Guía del conjunto de templos Engyoji en el Monte Shosha




miércoles, 1 de noviembre de 2006

Día 3: 01/11/2006 Himeji y Kyoto

Hoy nos toca levantarnos temprano, y pese al cansancio del viaje, sabemos que el tiempo que estemos aquí lo debemos aprovechar al máximo... No hay dolor! Queremos ir a Himeji, que junto a Kobe es una de las ciudades más importantes de la prefactura de Hyogo y que es famosa por su castillo. De camino a la estación nos paramos en un Starbucks para desayunar, necesito un café para acabar de despertarme.

Después de una hora de trayecto en shinkansen llegamos a Himeji. Es una ciudad que tiene como único punto de interés turístico el castillo (姫路城) y sus jardines y para poder acceder a él des de la estación, podemos ir caminando durante unos 15 minutos a través de una avenida muy comercial llena de tiendas, la Otamae-dori Street.

Conocido como la "Garza Blanca" (Shirasagi-jō), la espectacular construcción se alza imponente conservando su estado original. A diferencia de otros castillos japoneses, el de Himeji nunca fue destruído por guerras, terremotos o incendios, por lo que apenas está restaurado. Se considera una joya de carácter nacional, así como patrimonio de la humanidad por la Unesco. Sus orígenes tienen lugar como fuerte, que comenzó a construírse en el siglo XIV. A lo largo de los siglos posteriores, los diferentes clanes gobernantes fueron ampliándolo, hasta llegar a la estructura que podemos contemplar hoy día y que fue finalizada en 1609.
Alrededor de la laberíntica construcción de la muralla hay un jardín llamado Kokoen (好古園),de construcción reciente (1992) y que sigue las pautas del típico jardín japonés de los caballeros de la época feudal. Consta de 9 jardines, diseñados cada uno de ellos con un estilo concreto del período Edo. El acceso está situado justo al lado de la entrada principal al castillo, la Puerta Otemon, a unos 5 minutos andando.
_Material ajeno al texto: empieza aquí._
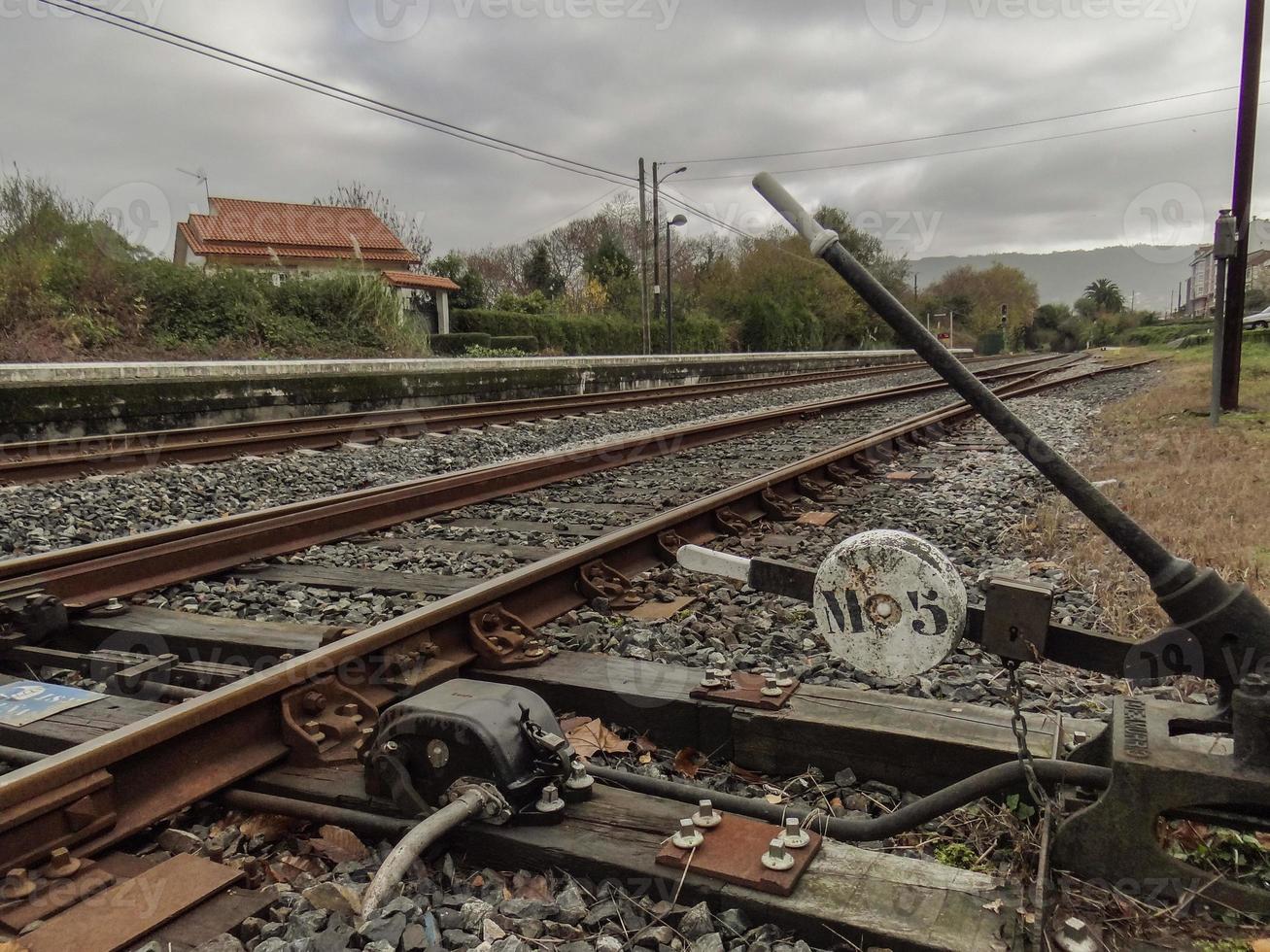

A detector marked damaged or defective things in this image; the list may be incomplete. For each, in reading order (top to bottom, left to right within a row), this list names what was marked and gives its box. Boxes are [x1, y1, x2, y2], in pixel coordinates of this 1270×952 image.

Tras hacer una pausa y llenar nuestros estómagos, nos dirigimos de nuevo a la estación para coger el tren de vuelta a Kyoto. Nuestra idea es aprovechar la tarde para visitar algunos templos, así que al llegar cogemos el autobús nº 5 (justo en frente de la estación de trenes está la de autobuses) hasta el Templo Ginkaku-ji… lo malo es que como es la primera vez que nos subimos a un autobus en esta ciudad, nos despistamos y bajamos muchísimo antes de la parada.
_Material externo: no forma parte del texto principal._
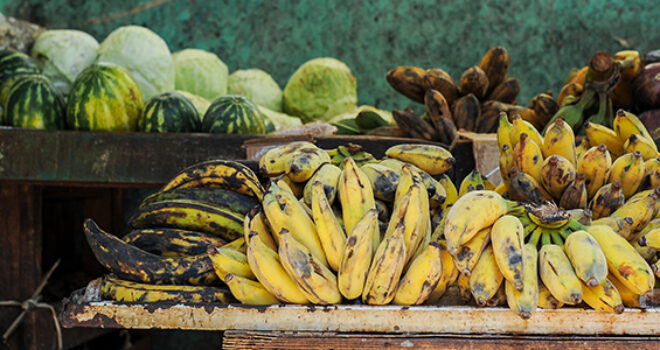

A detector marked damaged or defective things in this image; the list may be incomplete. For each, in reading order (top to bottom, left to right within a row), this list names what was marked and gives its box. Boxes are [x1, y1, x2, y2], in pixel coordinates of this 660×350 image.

rusty metal surface [59, 300, 656, 336]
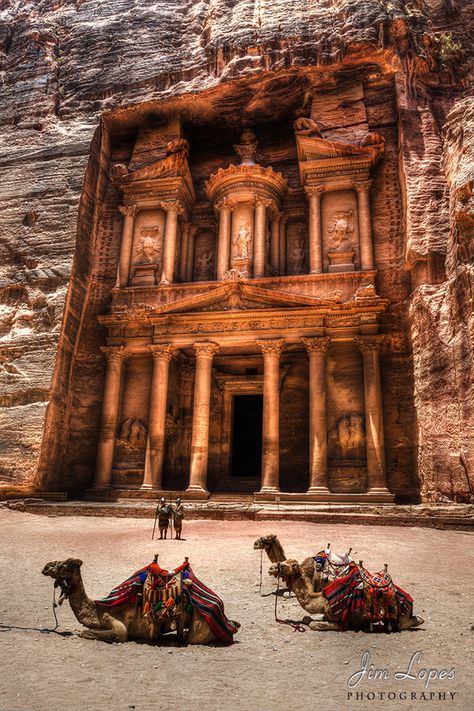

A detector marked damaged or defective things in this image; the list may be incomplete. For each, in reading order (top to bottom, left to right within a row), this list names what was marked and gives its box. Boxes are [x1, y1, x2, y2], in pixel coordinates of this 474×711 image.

broken pediment [154, 282, 342, 316]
El bus es bastante sencillo de utilizar, te tienes que subir por la puerta trasera y coger el tiket que te da la máquina y que indica el número de la parada. A través de unos altavoces se van anunciando las paradas, primero en japonés y luego en inglés. Cuando decides bajarte, te diriges a la cabina del conductor, introduces el ticket en una máquina que te marca el importe del trayecto y luego introduces las monedas. Si no tienes cambio, la propia máquina te lo da.
Ya son las 16h y comienza a atardecer, así que decidimos coger un taxi para que nos acerque hasta la entrada del templo. La experiencia de ir en un taxi japonés no tiene desperdicio, todo un lujo ver como se abre la puerta de forma automática. Esta gente son el colmo de la cortesía.
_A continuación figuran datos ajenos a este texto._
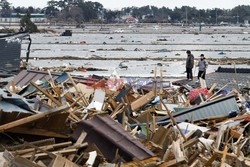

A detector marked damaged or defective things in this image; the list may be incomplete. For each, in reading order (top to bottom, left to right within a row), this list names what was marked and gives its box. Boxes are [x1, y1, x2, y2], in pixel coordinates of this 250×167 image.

damaged roof [71, 115, 155, 162]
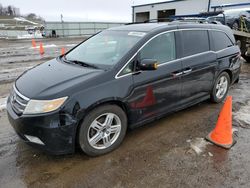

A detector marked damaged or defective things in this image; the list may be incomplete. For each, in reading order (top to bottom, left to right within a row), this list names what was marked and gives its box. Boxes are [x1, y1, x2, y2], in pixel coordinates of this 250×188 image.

damaged vehicle [7, 22, 241, 156]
El templo Ginkaku-ji (銀閣寺), también conocido como Pabellón Plateado, no ha sido jamás cubierto de plata, aunque en un principio el proyecto pretendía que así fuera. En el contexto histórico de su construcción, Japón estaba inmerso en una guerra civil, por lo que fue imposible financiar un proyecto de tal magnitud. En su origen era un palacio donde el shogun disfrutaba de sus vacaciones, originalmente se llamaba Jisho-ji (慈照寺), y fue fundado en 1482 por el Shogun de Muromachi, Ashikaga Yoshimasa. El jardín contiene un ginshadan “mar de plata” de arena blanca con sus suaves ondulaciones que representan las olas y un kogetsudai, un cono de arena que se asemeja al Monte Fuji. La austeridad del Pabellón de Plata destaca en contraste con su predecesor, el Pabellón de Oro, fundado por el abuelo de Yoshimasa, Ashikaga Yoshimitsu. La visita de este templo nos ayudará a comprender el concepto estético japonés de wabi/sabi (serenidad austera y elegante simplicidad).
Después de salir de allí, nos dirigimos al Paseo de la Filosofía o Tetsugaku-no-Michi (哲学の道), pero ya está anocheciendo y no podemos completarlo por falta de luz, así que decidimos regresar al ryokan con el bus.